The researchers at UVA, led by Jonathan Kipnis, Ph.D., chairman of UVA's department of neuroscience and director of the BIG Center, were able to impede the development of multiple sclerosis in mice by targeting the lymphatic vessels surrounding the brain. They used multiple strategies to block the lymphatics or destroy them with a precision laser. All led to the same outcome: a decrease in the number of destructive immune cells capable of causing paralysis. 

“The idea was to prevent more widespread damage to the nervous system,” says Jasmin Herz, Ph.D., researcher at UVA. “If communication of brain inflammation through lymphatic vessels is the root cause of multiple sclerosis, therapies targeting these vessels could be clinically important.” 

The message from the brain that appears to drive multiple sclerosis remains poorly understood. The researchers can tell the message is being sent, and they can tell what it is instructing the immune system to do, but they don't yet know what mechanism the brain is using to send it. “I think the next step in this specific research is to identify what that signal is. Is it a cellular signal, is it a molecular signal?” Dr. Louveau says. “And then to try to target that signal specifically.”

The researchers noted that removing the vessels did not stop multiple sclerosis entirely. That suggests there are likely other factors at play.

UVA's new research offers important insight into the function and role of the lymphatic vessels that connect the brain to the immune system. In most aspects, they work exactly as scientists would expect—just like other lymphatic vessels in the body.

“Meningeal lymphatic vessels are quite small compared to other lymphatics in the body, and we and others wondered if this might limit the amount and size of cargo they can pass through,” notes Dr. Herz. “During inflammation, they did not change in size or complexity much, but what was really exciting to discover [was that] they allowed whole immune cells to traffic through them, and we found the molecular cues for that.”

But the lab's recent research also highlights the complexity doctors face when trying to manipulate the vessels to benefit human health.

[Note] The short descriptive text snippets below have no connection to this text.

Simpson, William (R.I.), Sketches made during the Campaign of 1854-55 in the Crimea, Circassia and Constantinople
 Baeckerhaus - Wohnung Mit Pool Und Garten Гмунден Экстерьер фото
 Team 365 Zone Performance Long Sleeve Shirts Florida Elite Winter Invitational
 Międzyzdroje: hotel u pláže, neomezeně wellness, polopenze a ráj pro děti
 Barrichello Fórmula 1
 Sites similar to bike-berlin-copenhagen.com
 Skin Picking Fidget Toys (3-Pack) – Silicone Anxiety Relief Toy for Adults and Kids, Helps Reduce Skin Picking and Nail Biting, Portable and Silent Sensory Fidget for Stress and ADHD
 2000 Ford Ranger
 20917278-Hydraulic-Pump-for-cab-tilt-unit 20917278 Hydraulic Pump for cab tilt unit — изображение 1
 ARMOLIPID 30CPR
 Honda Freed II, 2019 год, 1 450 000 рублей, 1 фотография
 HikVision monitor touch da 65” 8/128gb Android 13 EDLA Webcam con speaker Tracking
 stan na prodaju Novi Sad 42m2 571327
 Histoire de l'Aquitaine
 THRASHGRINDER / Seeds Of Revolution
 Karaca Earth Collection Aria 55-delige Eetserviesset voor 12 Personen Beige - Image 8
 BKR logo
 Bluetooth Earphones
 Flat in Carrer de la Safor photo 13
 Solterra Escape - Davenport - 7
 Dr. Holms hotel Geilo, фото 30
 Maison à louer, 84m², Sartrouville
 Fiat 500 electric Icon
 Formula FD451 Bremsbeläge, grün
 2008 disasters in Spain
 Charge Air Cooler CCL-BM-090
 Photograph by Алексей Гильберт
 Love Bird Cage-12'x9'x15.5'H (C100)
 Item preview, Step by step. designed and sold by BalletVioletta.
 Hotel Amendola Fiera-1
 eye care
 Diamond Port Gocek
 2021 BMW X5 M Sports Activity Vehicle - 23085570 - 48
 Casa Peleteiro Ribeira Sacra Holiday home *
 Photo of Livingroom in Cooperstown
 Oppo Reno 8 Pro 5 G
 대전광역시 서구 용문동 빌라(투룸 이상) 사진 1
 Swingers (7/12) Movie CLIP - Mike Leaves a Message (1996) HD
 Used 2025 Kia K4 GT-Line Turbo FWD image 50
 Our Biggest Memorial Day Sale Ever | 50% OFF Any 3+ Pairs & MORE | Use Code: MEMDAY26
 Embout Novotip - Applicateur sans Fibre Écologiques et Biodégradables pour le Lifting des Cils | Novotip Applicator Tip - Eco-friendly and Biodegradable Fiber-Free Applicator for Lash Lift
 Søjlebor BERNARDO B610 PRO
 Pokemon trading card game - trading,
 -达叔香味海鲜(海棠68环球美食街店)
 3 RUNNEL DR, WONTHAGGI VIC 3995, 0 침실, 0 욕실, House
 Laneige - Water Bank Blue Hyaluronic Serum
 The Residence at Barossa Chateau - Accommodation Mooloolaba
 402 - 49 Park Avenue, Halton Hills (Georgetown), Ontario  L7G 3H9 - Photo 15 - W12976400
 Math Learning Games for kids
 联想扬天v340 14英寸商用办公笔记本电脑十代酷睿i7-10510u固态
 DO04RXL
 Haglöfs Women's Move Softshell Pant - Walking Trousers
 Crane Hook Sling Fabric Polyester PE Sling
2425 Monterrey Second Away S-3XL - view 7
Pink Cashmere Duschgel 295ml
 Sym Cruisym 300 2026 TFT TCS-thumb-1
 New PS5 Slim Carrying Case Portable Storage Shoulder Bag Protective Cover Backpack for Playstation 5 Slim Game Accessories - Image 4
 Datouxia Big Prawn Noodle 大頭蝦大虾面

For example, blocking the vessels had a benefit in the multiple sclerosis model, but the lab has also shown that the vessels' healthy function is vital to staving off Alzheimer's disease and preventing the cognitive decline that comes with age. 

That means that it's unlikely that stopping MS could be as simple as blocking the flow inside the vessels. It also suggests that there is probably no one treatment approach that will work for every neurological disorder. But the emerging importance of the vessels offers doctors an exciting new avenue for tackling neurological diseases.

“These findings on the role of brain-draining lymphatic vessels in MS, together with our recent work on their role in Alzheimer's disease, demonstrate that the brain and the immune system are closely interacting. When these interactions go out of control, pathologies emerge,” explains Dr. Kipnis, chairman of UVA's Department of Neuroscience and director of the BIG Center. “The idea that we could target major neurological disorders through therapeutic manipulation of peripheral structures, such as lymphatic vessels, is beyond exciting. Through our collaboration with PureTech Health, we hope to bring these laboratory findings to improve patients' lives one day.”

Dr. Kipnis recently signed a deal with PureTech Health to explore the potential clinical applications of his discoveries.